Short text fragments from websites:
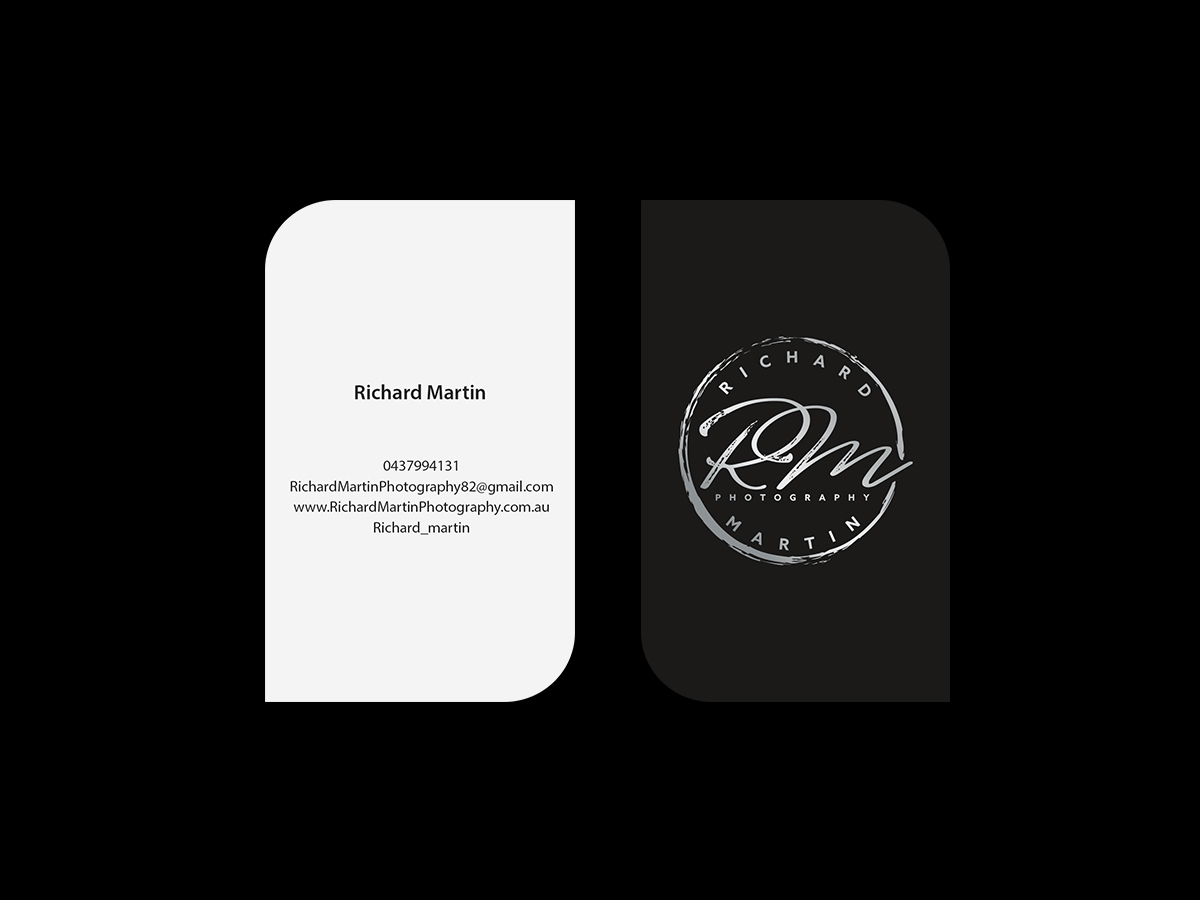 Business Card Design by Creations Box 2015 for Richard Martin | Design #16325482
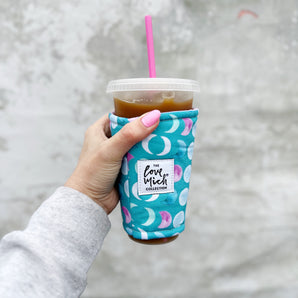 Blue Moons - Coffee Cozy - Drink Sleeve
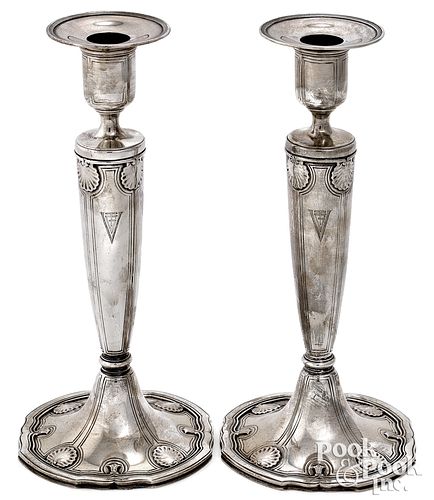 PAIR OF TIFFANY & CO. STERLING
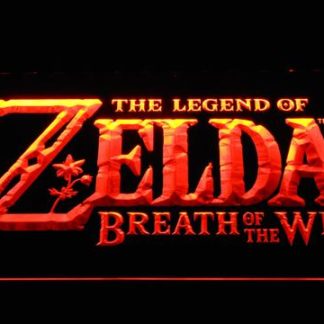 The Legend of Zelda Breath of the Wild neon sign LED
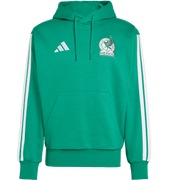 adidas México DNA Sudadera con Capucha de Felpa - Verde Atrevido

Exercise goal:
Could you repeat exactly the lines from the one containing "Blue Moons - Coffee Cozy - Drink Sleeve" to the last line of the records, both included, and leave out every picture?

Response to this task:
 Blue Moons - Coffee Cozy - Drink Sleeve
 PAIR OF TIFFANY & CO. STERLING
 The Legend of Zelda Breath of the Wild neon sign LED
 adidas México DNA Sudadera con Capucha de Felpa - Verde Atrevido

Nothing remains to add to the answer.